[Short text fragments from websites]

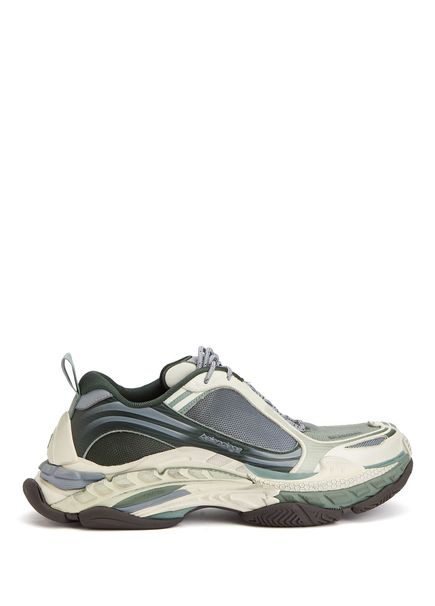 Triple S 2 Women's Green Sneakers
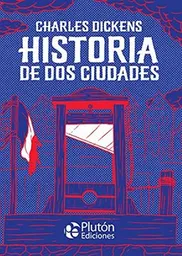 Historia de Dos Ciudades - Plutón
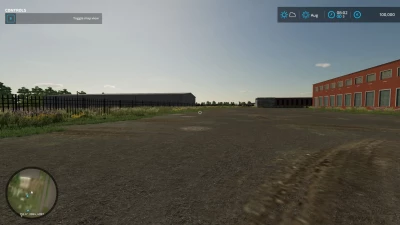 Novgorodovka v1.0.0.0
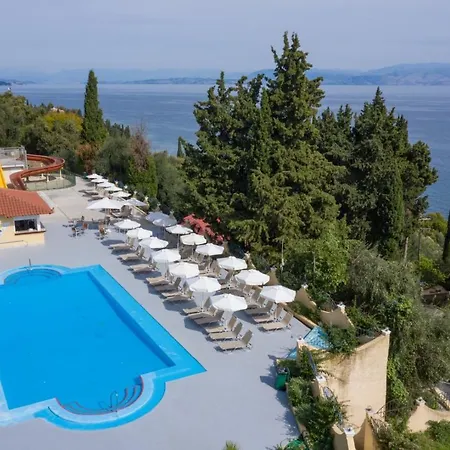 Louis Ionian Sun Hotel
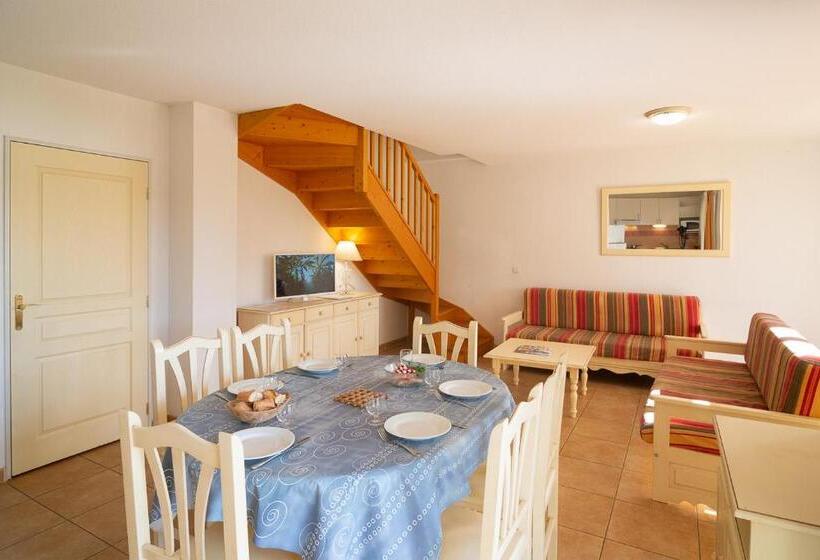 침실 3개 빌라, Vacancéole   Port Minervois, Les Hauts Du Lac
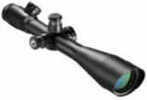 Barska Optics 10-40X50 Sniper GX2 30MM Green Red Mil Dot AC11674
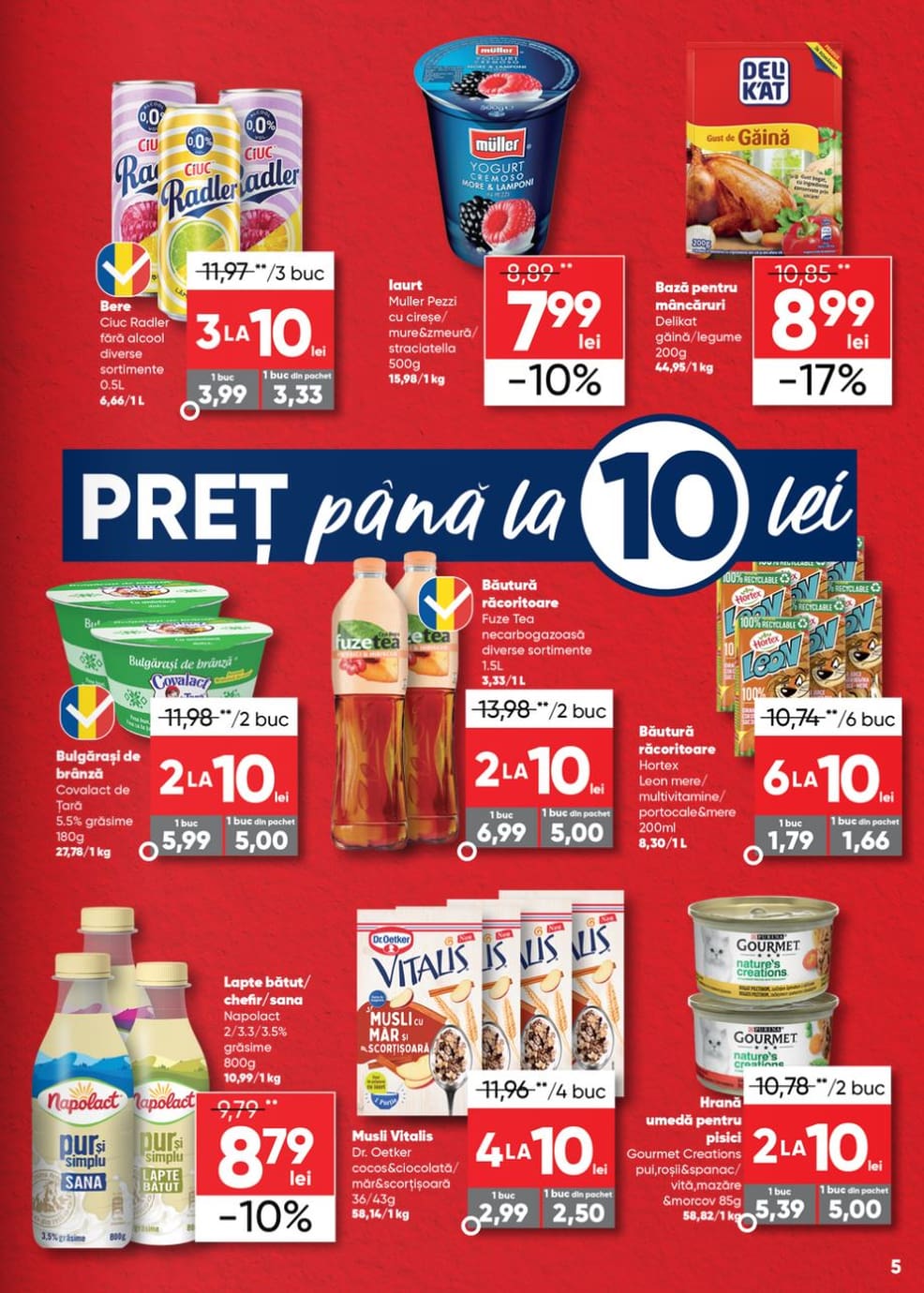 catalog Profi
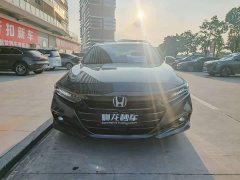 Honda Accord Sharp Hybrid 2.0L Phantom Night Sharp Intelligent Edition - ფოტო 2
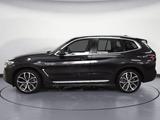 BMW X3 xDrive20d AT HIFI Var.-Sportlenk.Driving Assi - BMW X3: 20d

* Exercise instructions
Without copying any images, transcribe the records exactly as they stand.

* Answer area
 Triple S 2 Women's Green Sneakers
 Historia de Dos Ciudades - Plutón
 Novgorodovka v1.0.0.0
 Louis Ionian Sun Hotel
 침실 3개 빌라, Vacancéole   Port Minervois, Les Hauts Du Lac
 Barska Optics 10-40X50 Sniper GX2 30MM Green Red Mil Dot AC11674
 catalog Profi
 Honda Accord Sharp Hybrid 2.0L Phantom Night Sharp Intelligent Edition - ფოტო 2
 BMW X3 xDrive20d AT HIFI Var.-Sportlenk.Driving Assi - BMW X3: 20d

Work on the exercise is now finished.